Many researchers have advocated the inclusion of pregnant groups [172–174], and the Pregnancy Research Ethics for Vaccines, Epidemics, and New Technologies (PREVENT) Working Group even issued 22 recommendations to promote equity for pregnant women in vaccine development and response [175]. Although pregnant women were not in most of the cohorts of trials, some pregnancies occurred across the trials of three vaccines previously approved in the UK [176]. The data showed no significant detrimental effect of vaccination on pregnancy. Thus, the United Kingdom, the United States, and European Union all recommended pregnant people to be vaccinated if the benefits outweigh the potential risks. Moreover, Shimabukuro et al. [177] provide more scientific evidence about vaccine safety in pregnant persons. Based on a vaccination health checker surveillance system data of 35,691 participants in the USA, they find no obvious safety signals among pregnant persons who received mRNA COVID-19 vaccines. Although it is said that more longitudinal follow-ups with large numbers of women vaccinated earlier in pregnancy are needed, at least the mRNA vaccines of COVID-19 are most likely adequate for the pregnant group. As mentioned in the previous section, mRNA vaccines are not very stable and have high requirements for the cold chain. Due to the high cost of cold chain transportation, there is no well-operated cold chain network in many low-income countries. Even if mRNA vaccines are completely safe and effective for pregnant women, the inequity of pregnant women vaccination still exists in low-income countries.

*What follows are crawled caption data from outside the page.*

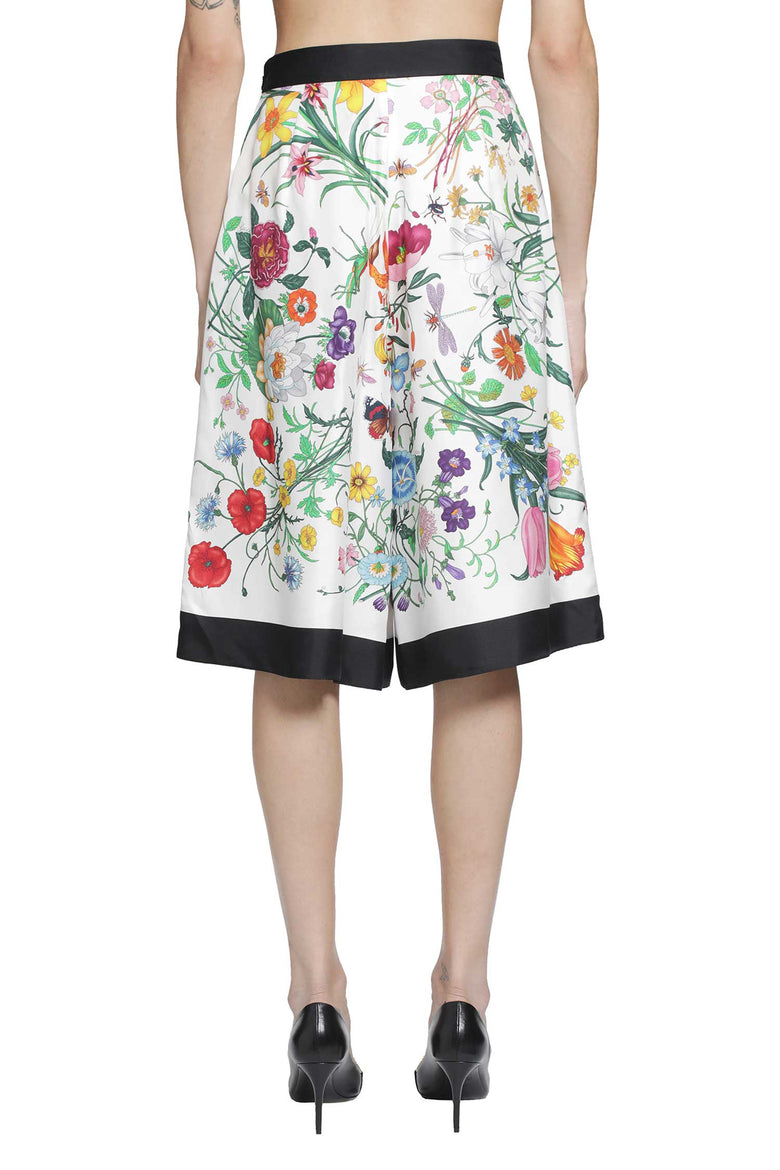 GUCCI Printed Silk Bermuda Pants woman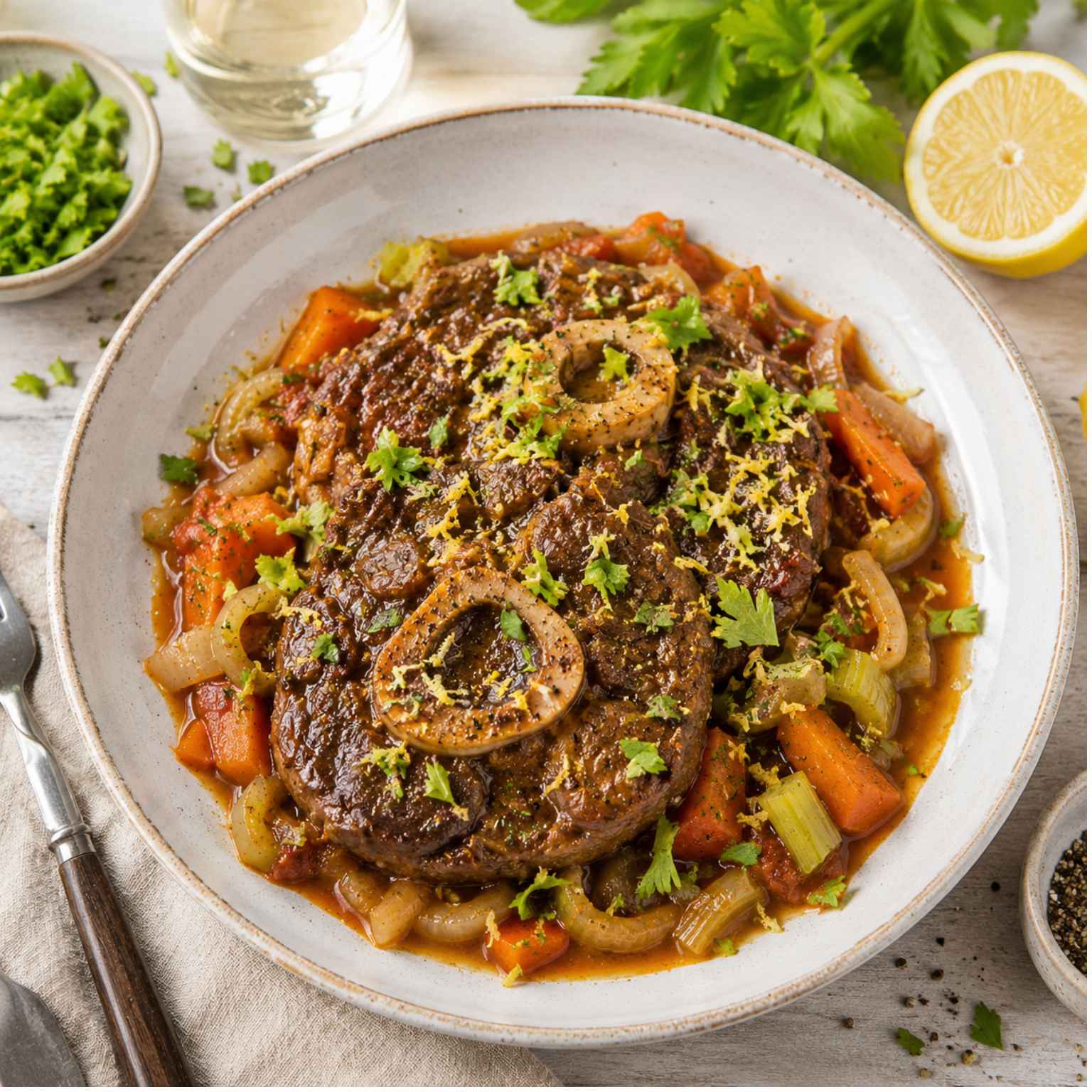 Geschmorte Hirsch-Ossobuco-Beinscheiben mit Möhren, Staudensellerie und frischer Zitrone in aromatischer Wildfondsoße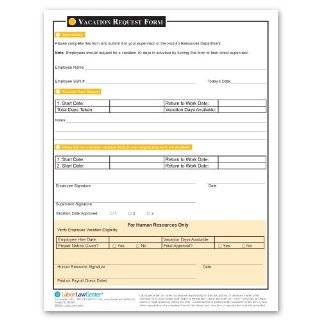  2012 Vacation Request Form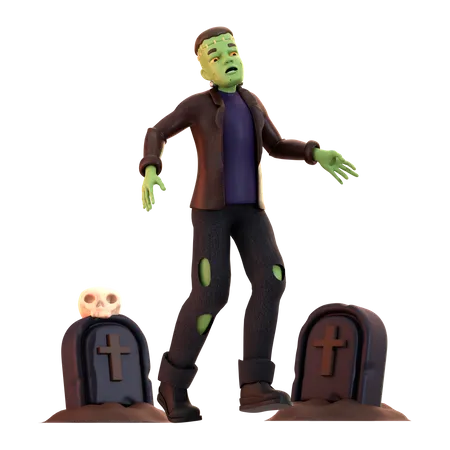 Zumbi Frankenstein com lápide  3D Illustration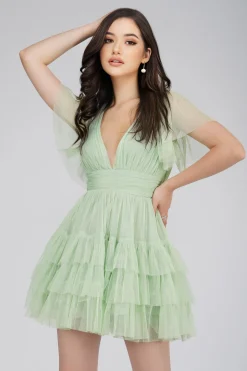 Madison Sage Green Tulle Mini Dress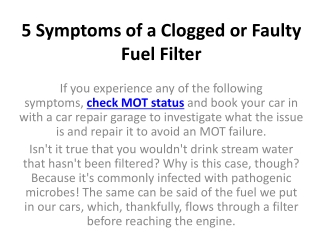 5 Symptoms of a Clogged or Faulty Fuel Filter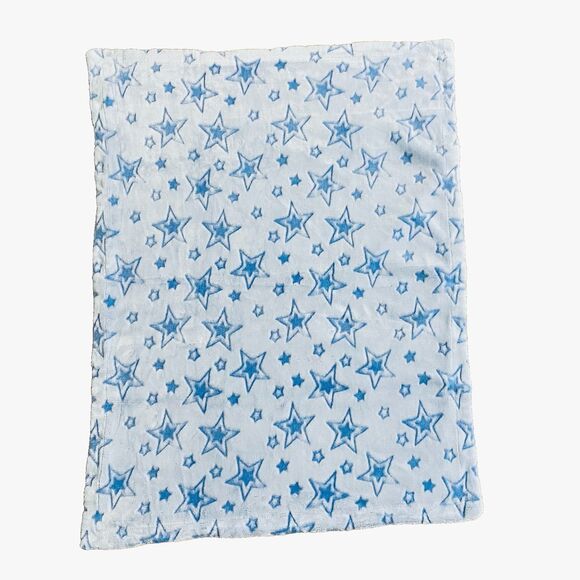 Fleece Baby Blanket Light Blue‎ w/ Embossed Stars 29' x 38" - Picture 3 of 7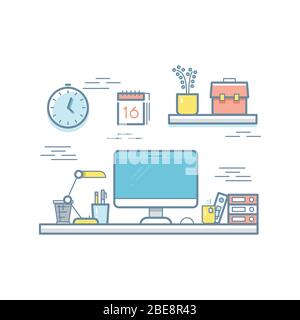 Colorful office work space with computer, stationery, mug. Vector illustration Stock Vector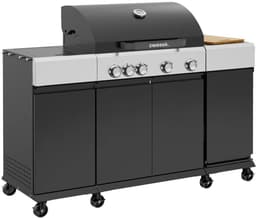 sweeek - Gasbarbecue 4 branders + 1 zijbranders maxim, staal, ingebouwde thermometer, vetopvangsysteem, verwarmingsrooster, l 145,5 x b 61,5 x h 143,5 cm — thumbnail 5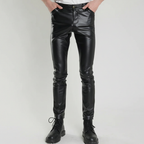 Skinny fit leren broek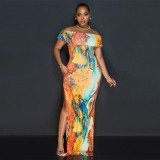One shoulder high slit printed dress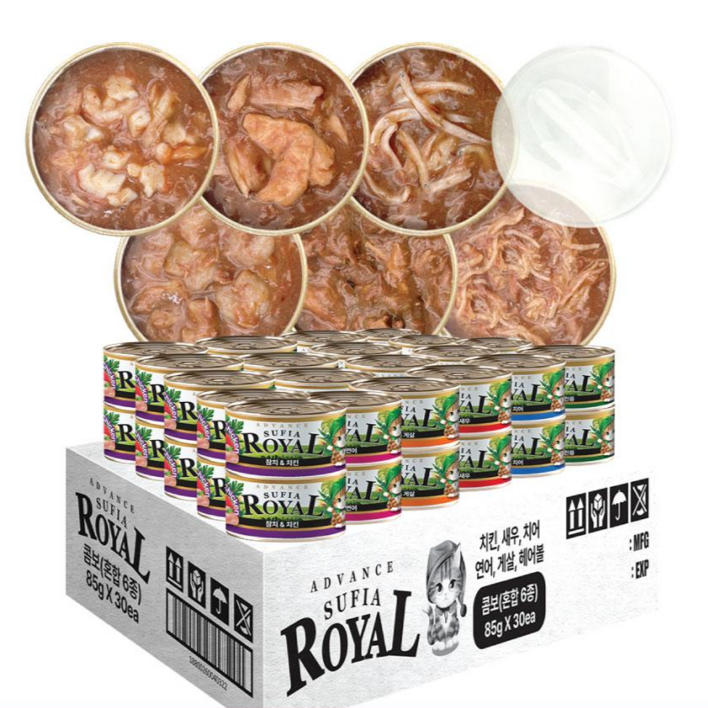 어드밴스 로얄 수피아 7종 85g x 90개입 고양이 캔 길냥이 통조림 간식, 85g, 90개, 수피아 콤보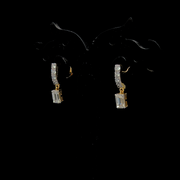 ANVI Round and Emerald Drop Diamond Earrings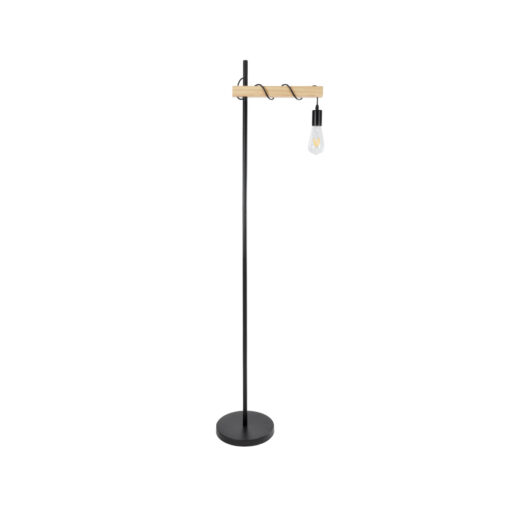 GloboStar® GloboStar® MINDELO 02033 Μοντέρνο Επιδαπέδιο Φωτιστικό Μονόφωτο 1 x E27 IP20 Μαύρο Μέταλλο με Μπεζ Ξύλο - Μ35 x Π24 x Υ150cm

Racial inequities in vaccination also persist. Take the United States as an example, from the latest data on COVID-19 vaccinations by race, nearly two-thirds of people who had received at least one dose of the vaccine were White (58%), and only 10% were Black and 6% for Asian [178]. Black people have only received a small share of vaccination, whereas more than half of cases and deaths were made up of them. Despite the hesitancy for the vaccine, a long time of medical racism and misinformation has caused the unfairness of vaccination for Black [179]. CDC in the USA has made many efforts to ensure that Black and other minorities have fair and just access to COVID-19 vaccination. But as the mantra of the COVID-19 pandemic, “No one is safe until everyone is safe” [180], the efforts of filling the gap in the vaccination of minorities are far from enough.